▶ **EXERCISE DIRECTIONS**:
Please repeat, exactly as written, every line from the one containing "Madewell Cardigan Sweater" through the last line of the records, both included, and leave out any pictures.

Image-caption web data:
+++
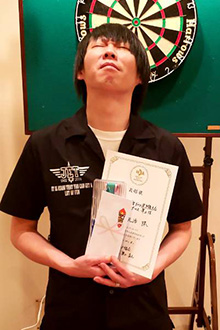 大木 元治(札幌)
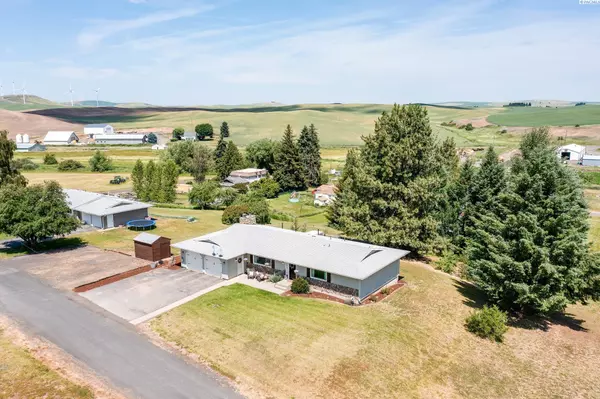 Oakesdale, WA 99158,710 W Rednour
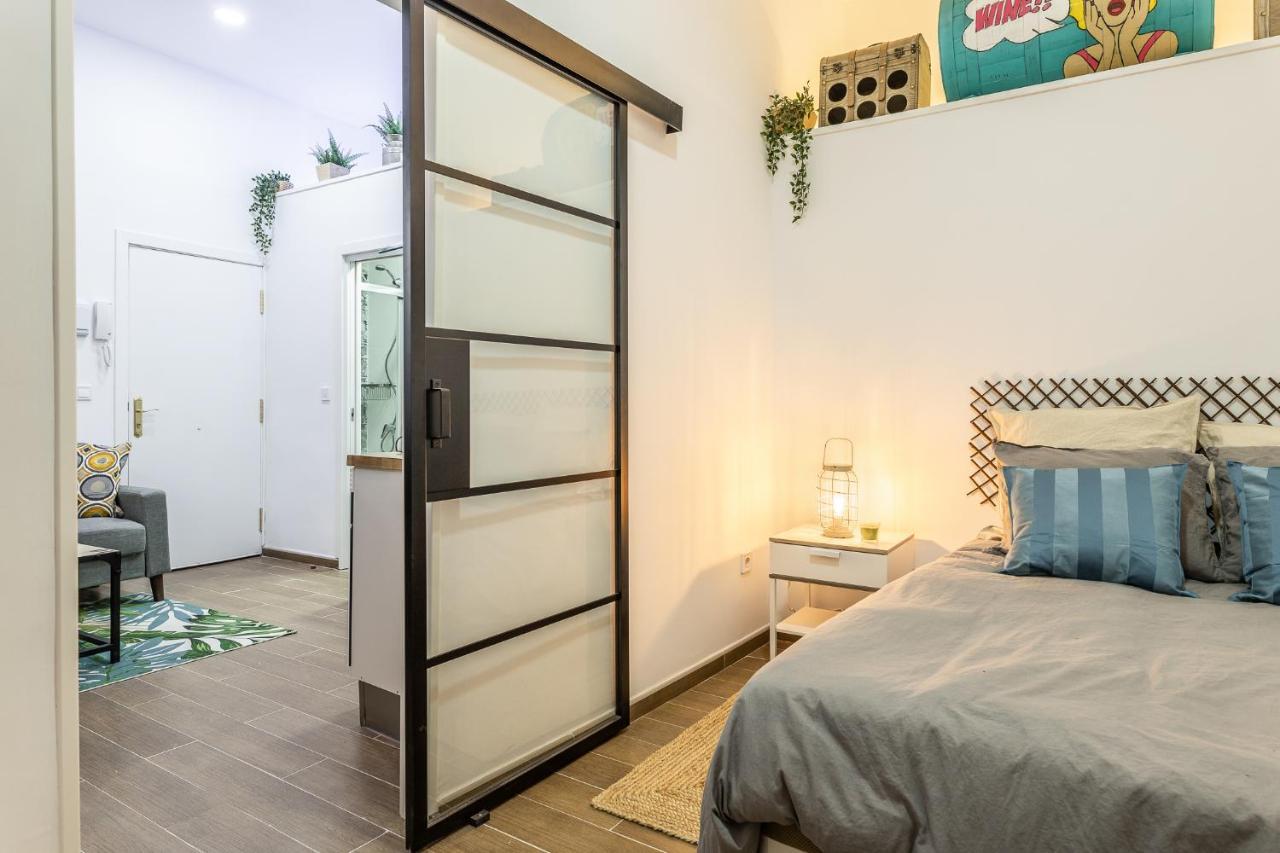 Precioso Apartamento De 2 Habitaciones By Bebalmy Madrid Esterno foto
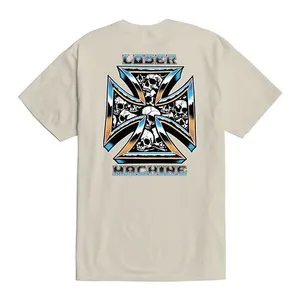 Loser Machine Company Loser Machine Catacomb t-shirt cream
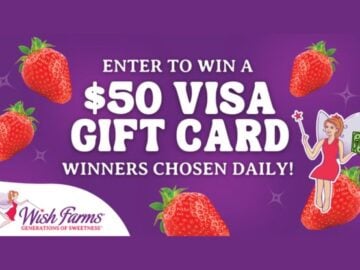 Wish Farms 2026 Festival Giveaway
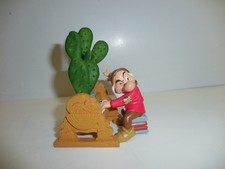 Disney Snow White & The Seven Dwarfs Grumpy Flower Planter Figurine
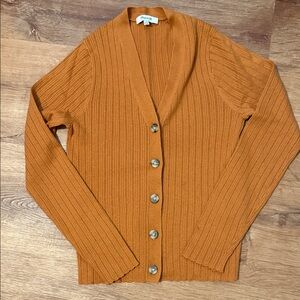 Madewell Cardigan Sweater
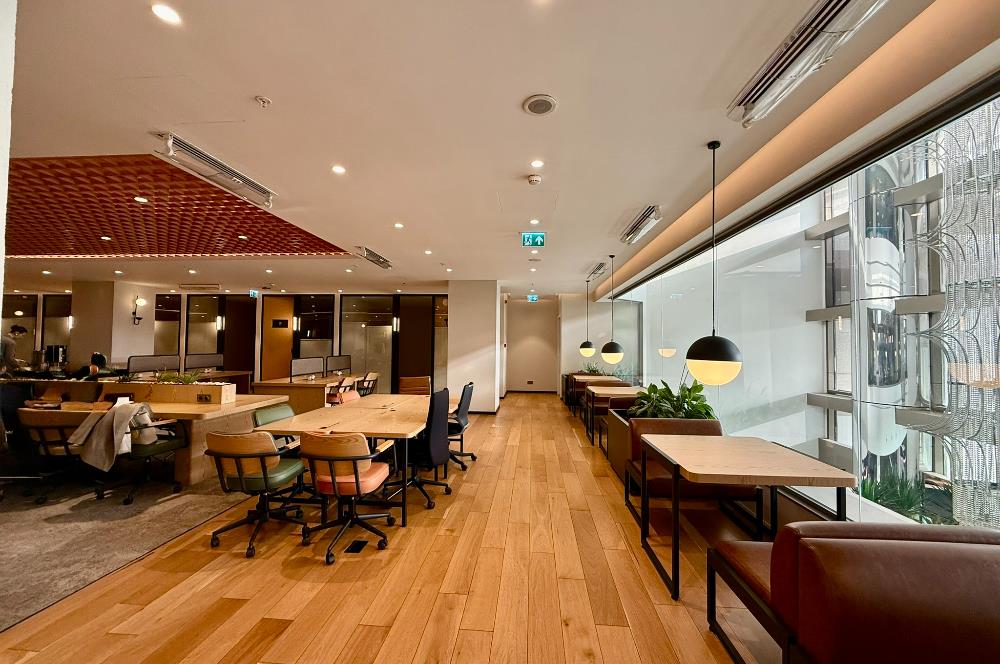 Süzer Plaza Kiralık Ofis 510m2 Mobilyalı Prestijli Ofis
+++
▶ **SOLVED EXERCISE**:
 Madewell Cardigan Sweater
 Süzer Plaza Kiralık Ofis 510m2 Mobilyalı Prestijli Ofis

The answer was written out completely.